- Exercise brief
Of the lines below, write out exactly those from the line with "Predikat Koperasi Sehat" through the line with "Мужская рубашка из", both included, and skip the rest.

** Opening Exercise inputs block **

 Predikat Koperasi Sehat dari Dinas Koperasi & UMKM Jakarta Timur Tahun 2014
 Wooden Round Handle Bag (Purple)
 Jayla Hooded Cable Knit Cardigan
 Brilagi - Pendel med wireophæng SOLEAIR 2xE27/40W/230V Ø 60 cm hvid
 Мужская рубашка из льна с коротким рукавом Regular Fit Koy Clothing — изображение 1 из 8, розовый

** Closing Exercise inputs block **
** Opening Exercise inputs block **

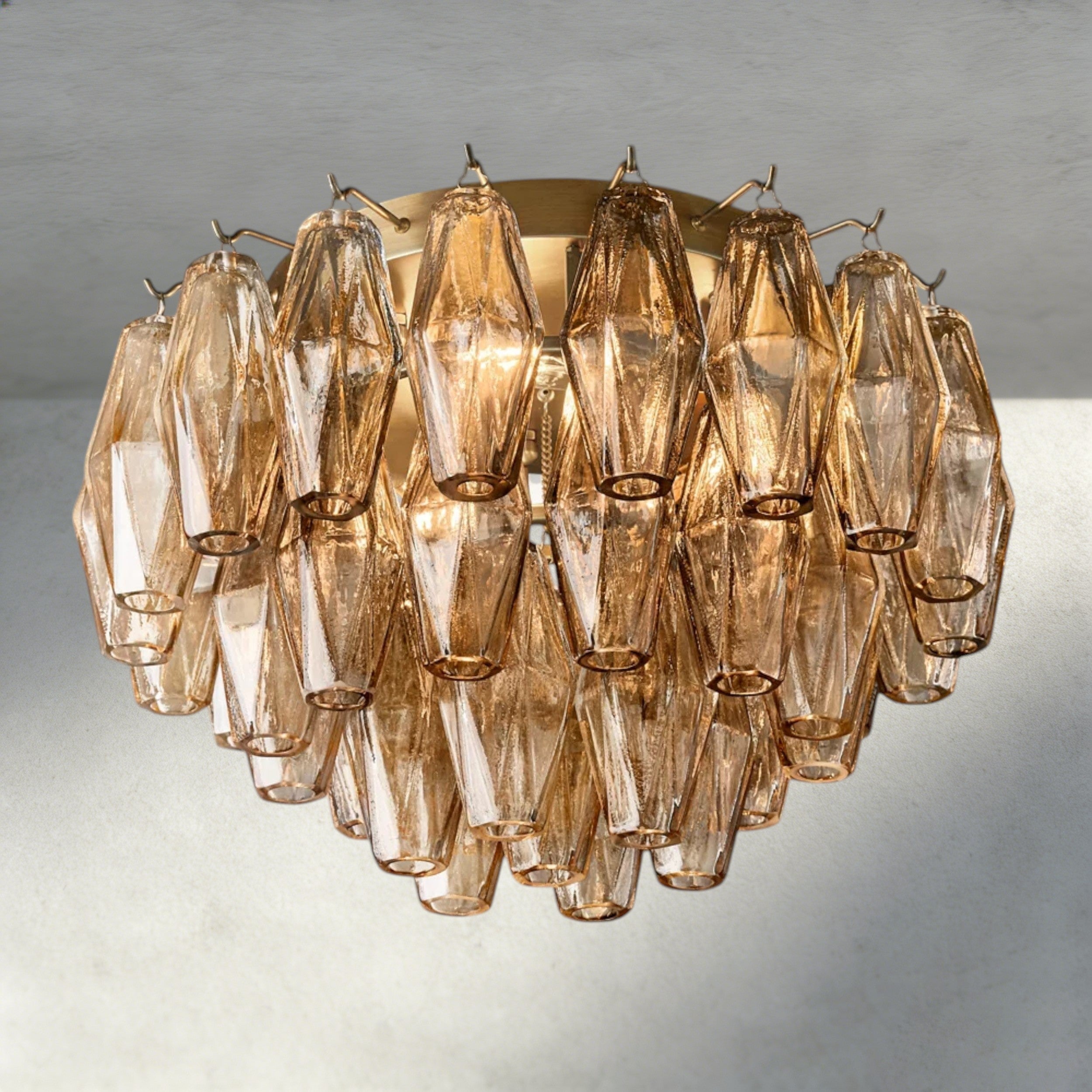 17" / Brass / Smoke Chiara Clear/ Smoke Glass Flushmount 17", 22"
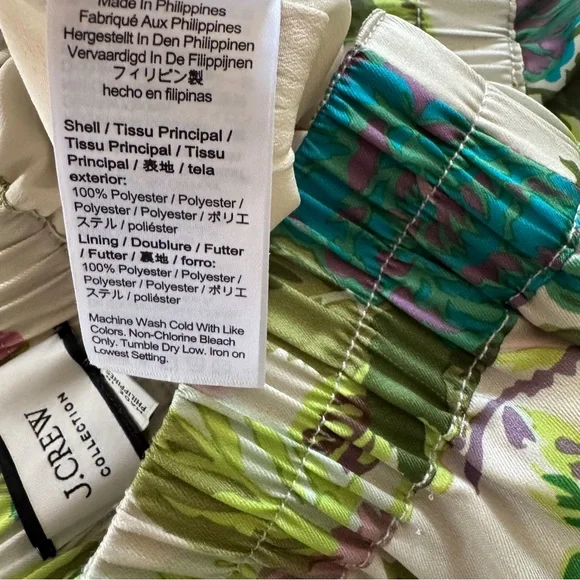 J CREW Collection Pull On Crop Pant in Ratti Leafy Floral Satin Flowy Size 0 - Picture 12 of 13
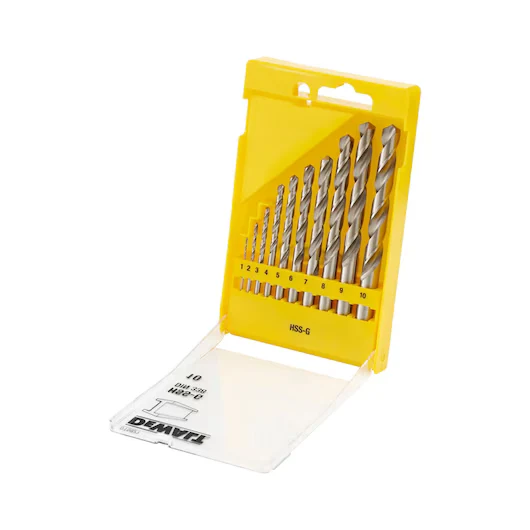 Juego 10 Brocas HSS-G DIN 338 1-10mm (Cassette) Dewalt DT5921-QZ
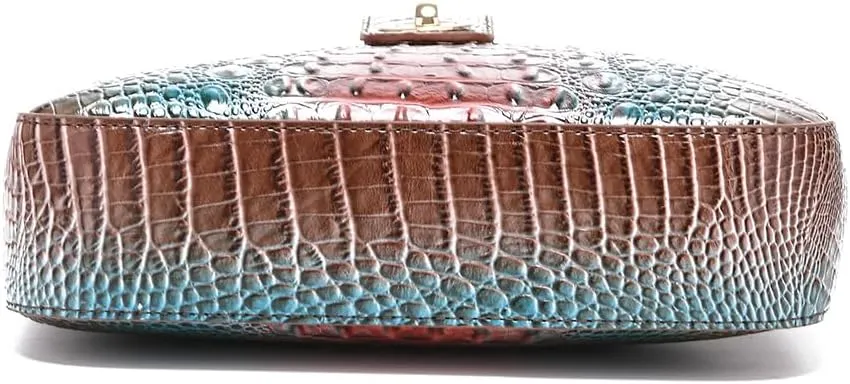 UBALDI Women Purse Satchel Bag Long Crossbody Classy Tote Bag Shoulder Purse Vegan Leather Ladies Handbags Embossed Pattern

** Closing Exercise inputs block **

- Exercise output
 Predikat Koperasi Sehat dari Dinas Koperasi & UMKM Jakarta Timur Tahun 2014
 Wooden Round Handle Bag (Purple)
 Jayla Hooded Cable Knit Cardigan
 Brilagi - Pendel med wireophæng SOLEAIR 2xE27/40W/230V Ø 60 cm hvid
 Мужская рубашка из льна с коротким рукавом Regular Fit Koy Clothing — изображение 1 из 8, розовый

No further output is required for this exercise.